The Town of Sherry is located in Wood County, Wisconsin, United States. The population of the town was 755 at the 2020 census. The unincorporated community known as Sherry is located at the junction of County Highways N and F, 3.5 mi west-southwest of Milladore., within the Town of Sherry.

==History==
In June 1851 the outline of the six mile (10 km) square which later became the town of Sherry was surveyed by crews working for the U.S. government. In November 1853 another crew of surveyors found the section corners with chain and compass and marked them.

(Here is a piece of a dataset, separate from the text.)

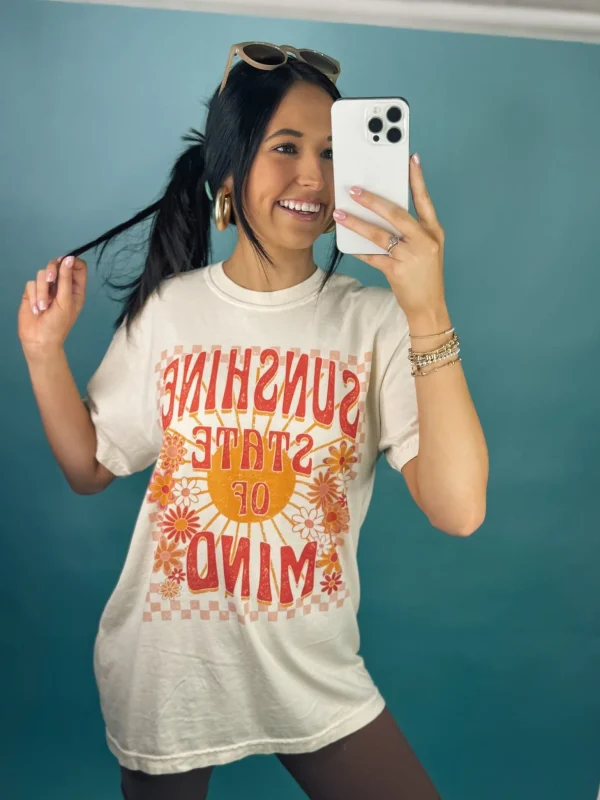 Allie Lynn's Boutique Graphic Tees<Sunshine State Of Mind Graphic Tee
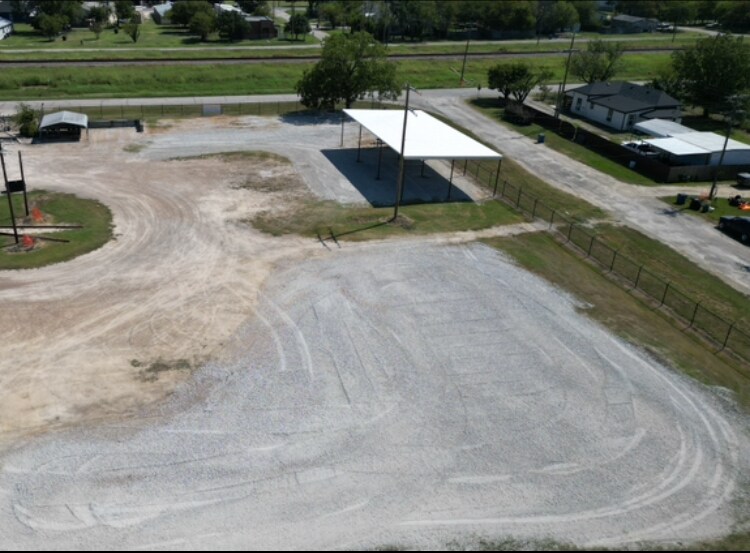 More Photos Of 200 S Wall St, Itasca Land For Lease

When done, the deputy surveyor filed this general description:
This Township is heavily Timbered with Maple Oak Birch & Pine Maple Oak & Birch being the prevailing Kinds - along the Border(?) of Mill Creek there is some good scattering Pine - along the Border(?) of the small stream (?) almost invariably(?) find alder thickets caused by Beaver dams. - the streams are fed by the swamp, and are subject to very sudden rise & fall - the soil is a dark loam is well adapted for the purpose of agriculture. the Surface is generally level & is covered with stone the stone being of a reddish color

In 1880 Henry Sherry and a partner named Briggs started a sawmill on Mill Creek, with a company store, which attracted workers and grew into a community. With various partners, Sherry continued running the sawmill and added a planing mill and a factory that made barrel staves. The community also had a blacksmith in those early years. Sherry's first school was started in 1881. A post office called Sherry was established in 1884, and remained in operation until 1968.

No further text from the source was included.